The show's only shortcomings: Singer Daniel Kessler's vocals were frequently not high enough in the mix, and the crowd -- judging by the absence of a Fogarino accolade -- was not one the band will particularly remember. Too many T-shirts and jeans, perhaps?
-- Nikhil Swaminathan
Last week, CL ran a story about the peaceful, orderly lines that form days in advance of each Bruce Springsteen concert. The lines are for the 300 coveted spots in the "pit," that area right in front of the stage.
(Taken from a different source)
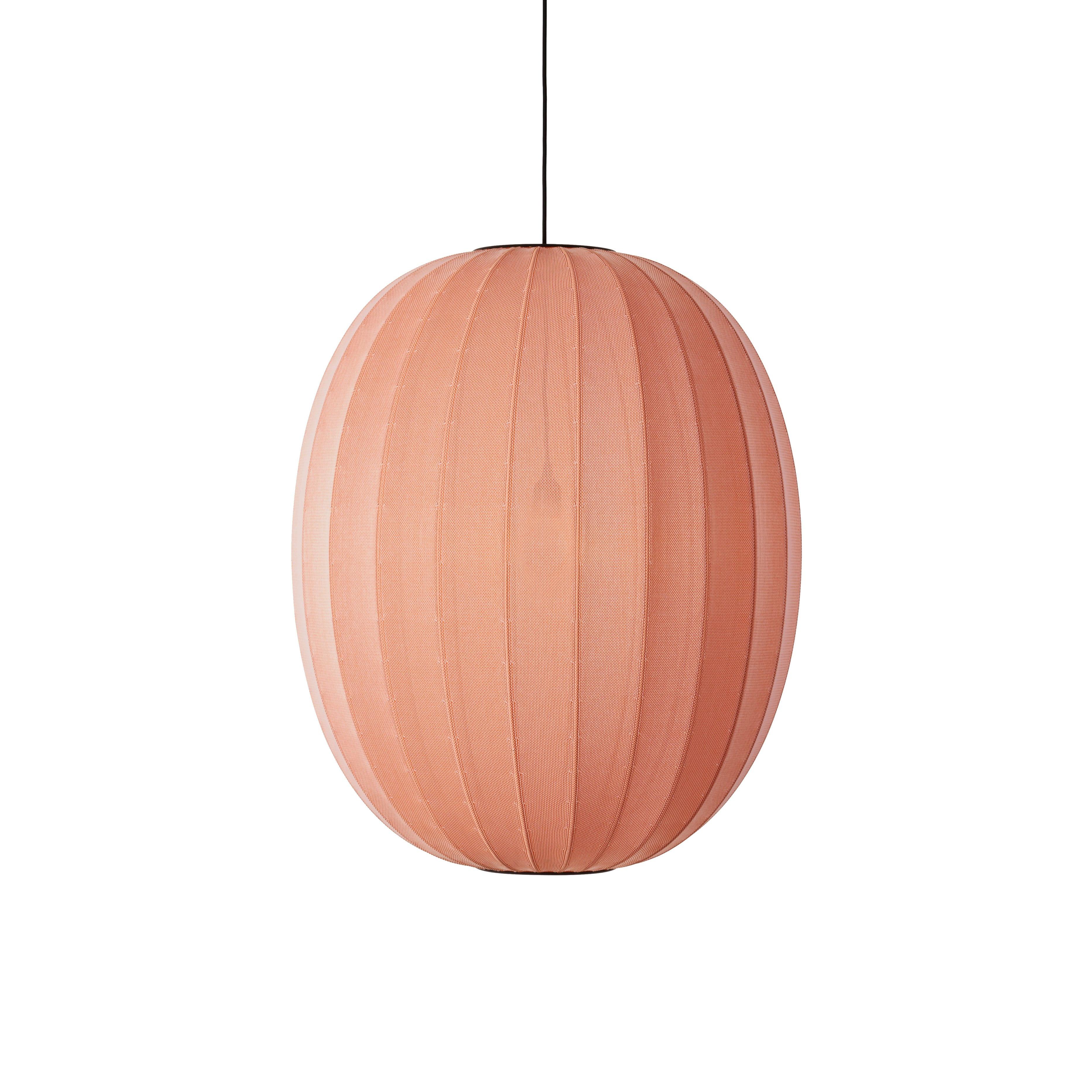 Lampa wisząca KNIT-WIT HIGH koralowy – Made by Hand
But the Wednesday before Springsteen's Altanta-area show Feb. 26, management at the new Gwinnett Center Arena in Duluth announced they would not honor the fan-run line. Whether the idea came from the arena or Springsteen's people is still in question.
At any rate, the arena handed out 100 purple wristbands on Thursday at noon, causing a mad rush by the fans who'd been standing in line for days. Those who didn't get a wristband wrote their names down on a list; they were given a wristband Friday at noon. Hundreds more lined up for the remaining few dozen spots still available. The word "clusterfuck" was overheard often outside the arena.
That wasn't all, though. To determine the order of the 300 lucky pit winners, the arena had fans draw a number out of a bucket Friday afternoon. From then until they were let into the arena, the only proof you had a place in line was a piece of paper with a number written on it in Sharpie.
"Nobody was happy," says Andrew Wicks, who ended up scoring one of the lucky 300 spots.
Perhaps not surprisingly, Springsteen's next stop -- Sunday in Austin, Texas -- saw the return of the fan-run line. There's something to be said about not fixing something that ain't broken.